The propeller can never reverse the airflow over the ground. This means the maximum energy that can be taken from 12sq.m with a wind speed of 5m/s is 180W. If you try to gear the propeller to make the flow negative the cart will go into the wind with propeller becoming a turbine.

Think of the propeller as a propeller not as sails. Propellers pull air in and accelerate it out. Look at the diagram in post #161. You do not think of a boat propeller as a sail or dagger board. It is a propeller. The situation with the propeller on the cart can be analysed in exactly the same way you work out what a propeller on an aeroplane or boat does.

The prop on the cart was designed using JavaProp. This is free software. You can use it to determine what efficiency it possible. Make sure you have the right Re# for the speed and chord of the blades as this has a large influence on efficiency.

Rick

 

Thanks for providing those numbers.

Did the ThinAirDesigns team use JavaProp? Are your numbers based on their design parameters or do you think you picked similar ones?

How do you define efficiency for a prop? Is it energy-based or velocity-ratio-based or something else?

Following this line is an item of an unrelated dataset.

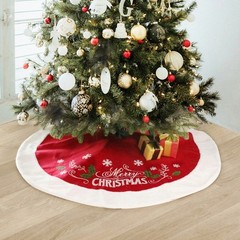 Merry Christmas Letter Print Red Christmas Tree Skirts Soft Thick Non-woven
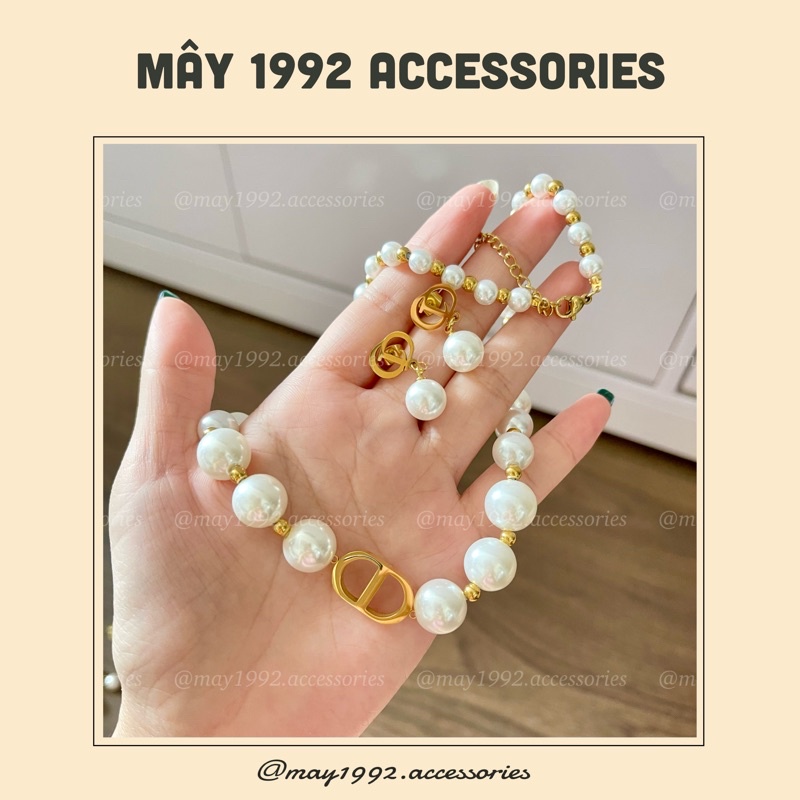 (TITAN CAO CẤP) set bông tai vòng cổ ngọc CD titan cho nữ mã SP0092 - may1992.accessories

A prop and a sail do the same thing: you say toh-may-to; I say toh-mah-to; please bear with my wooden bridge syndrome (if you ask a stone mason to build you a bridge, you get a stone bridge; ask a welder and you get a steel bridge; ask a carpenter and you get ...) and I will appreciate your facility with prop equations and terminology. I do agree the propeller equations are the way to go for these numbers (thanks again), especially given the varying radii and velocities along the blade, but there is a direct analogy between sails and propellers because they both only accelerate - i.e. change the velocity vector of - the air they encounter. Remove the hull from the vid (http://i47.tinypic.com/m7xf09.gif) and you could be looking down the radius of the cart's prop.

Nothing can literally pull or drag air, a fluid with no tensile strength. By accelerating air a sail or prop can create a low pressure into which higher pressure air from the far field flows (differentially diffuses, actually, if I remember my BS&L), but I understand what you mean by pull or drag.


Thanks again,

 

Something just struck me

Maybe somebody already pointed this out, but ...

I think there are some who believe a cart that could go DUWFTTW (per Bauer, 1969 and Barkla, 1971) but do not believe DDWFTTW.

I just realized that the DDWFTTW cart is also a DUGFTTG (Direct Up-Ground Faster Than The Ground) device. I.e. it goes faster through the wind against the ground than the ground is going against the wind. DUWFTTW is also DDGFTTG.

So if someone knows DUWFTTW is possible, they can't deny DUGFTTG because the mechanics are the same in the differential between two media. From DUGFTTG just swap the meaning of the media (or flip the Black Pearl and your viewing camera over) and you have DDWFTTW.

 

The Thinair guys used JavaProp for their prop.

The little table is an approximation to keep it simple. It is not based on a specific propeller. I have given analysis for a DDWFTTW propeller and turbine for a boat on another thread that has windmill in the title.

Mechanical efficiency is the same for a propeller as any other mechanical device. It is the ratio of power out over power in.


A sail below stall and a propeller both make use of lifting foils. Beyond that they vary significantly. The air velocity at the tip of the blade can be 10 times or more than the farfield air velocity relative to the prop. If you are going to design a propeller you must take into account the wide variation in velocity as the radius changes. Sails only have a slight variation in velocity over their span. Sails are closer to a wing than the twisted foil of a propeller.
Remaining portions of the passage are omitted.